Send a message to your senators asking them to support the International Climate Accountability Act. If your senator already supports S. 1743, send them a message of thanks and ask that they encourage their peers to also support the legislation.
THE MESSAGE:
Dear Senator [YOUR SENATOR’S LAST NAME],
I am writing today as a person of faith to thank you for being a leader on climate change with your support of S.1743, The International Climate Accountability Act. I am grateful that you recognize the importance of taking strong action to limit the warming of the climate and to protect the most vulnerable.
My faith has taught me, that at a time when our nation and the world are feeling the effects of increasing floods, wildfires and other extreme weather events, we urgently need global climate action that will protect humanity, particularly the most vulnerable, and our common home by leading us toward a sustainable, clean energy future.
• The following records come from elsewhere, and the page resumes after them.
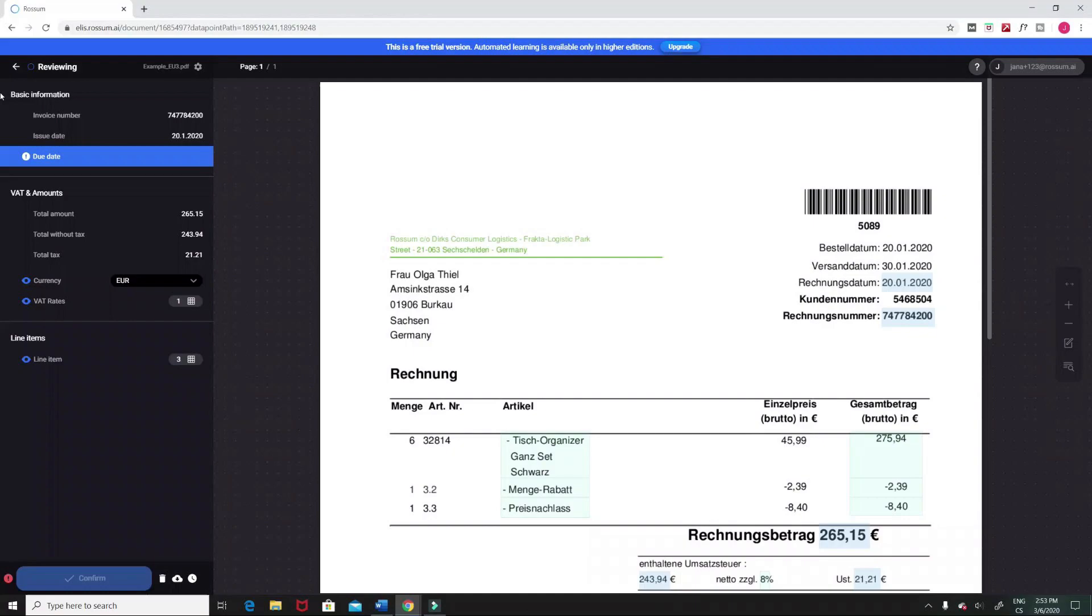As you can see in this example invoice, Rossum highlights data fields in two ways. A blue eye icon indicates captured data that you should consider reviewing. This is a recommendation, not a requirement.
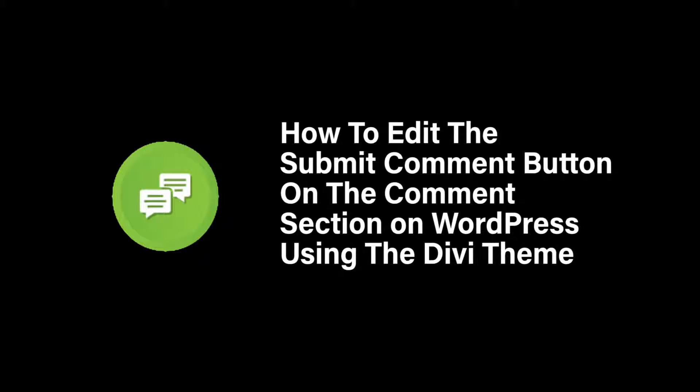Today we're going to be talking about how to edit the submit comment button on the comment section in WordPress using the DV theme.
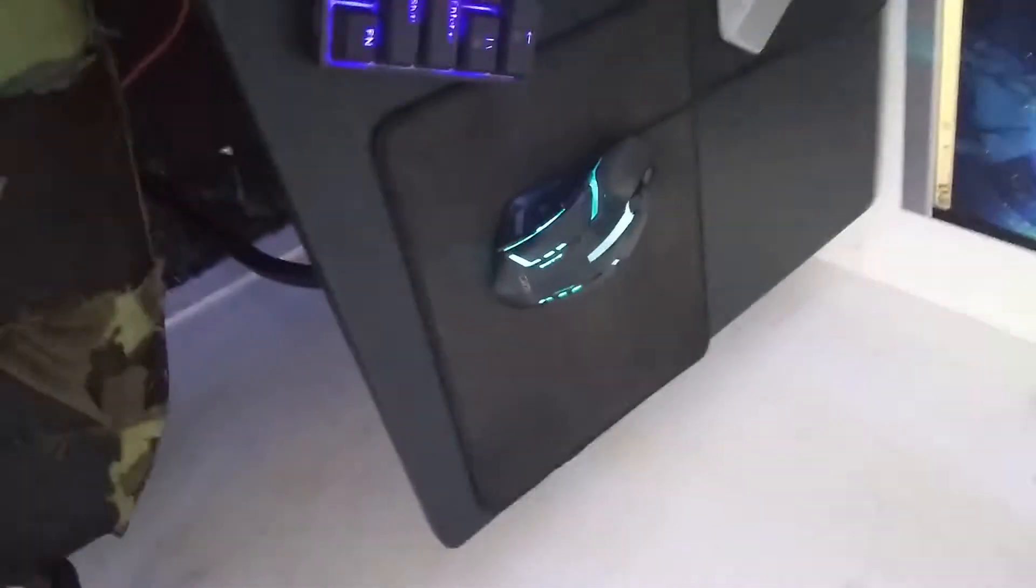This mouse came with my keyboard, my first keyboard, not my DK61, my first Dawnwater keyboard.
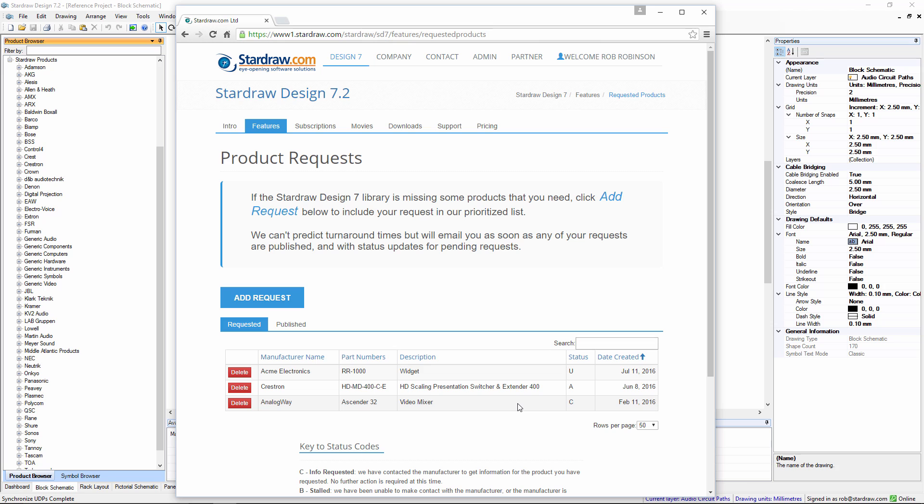We ask that users request products because with registered users of Stardraw Design 7.2 in over 80 countries worldwide and serving all kinds of different markets, we actually have no idea what particular products might be important to you. So please tell us and when you've told us, when you've made that request, your product will be prioritized in the list of products to be added to the library.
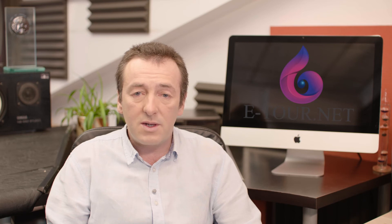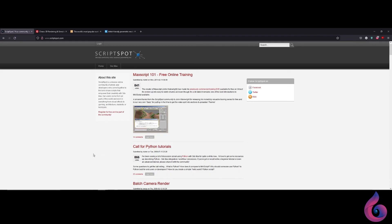As already mentioned in the presentation of 3ds Max, Autodesk supports a library of materials for its products. Additional features can be found at Scriptspot.com. This platform offers a lot of scripts that will be useful in our work. The digital repository has a search engine in which we can search for what we need. One tip: periodically browse the site — there you can find really useful things. Many of the scripts are free resources shared by artists and developers.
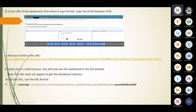Copy the GUID, add your organization name and the GUID to the URL, then open it in a new browser. You will now see the dashboard in the full window. To include the dashboard selector, use the appropriate URL format with your organization name and dashboard ID.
As a member of the Ignatian family, I have been inspired by Pope Francis’s encyclical, Laudato Si’, written in advance of the 2015 Paris Climate Change Conference. In it, he drew special attention to the importance of international negotiations and global climate action for the common good. He wrote, “Reducing greenhouse gases requires honesty, courage and responsibility, above all on the part of those countries which are most powerful and pollute the most.” (Laudato Si‘, n.169)
Moving forward, I ask that you reach out to colleagues on both sides of the aisle to stress the importance of the United States meeting standards to limit warming to 1.5C.
Again, thank you for your support of S. 1743 and for your work to make sure this important piece of legislation is passed.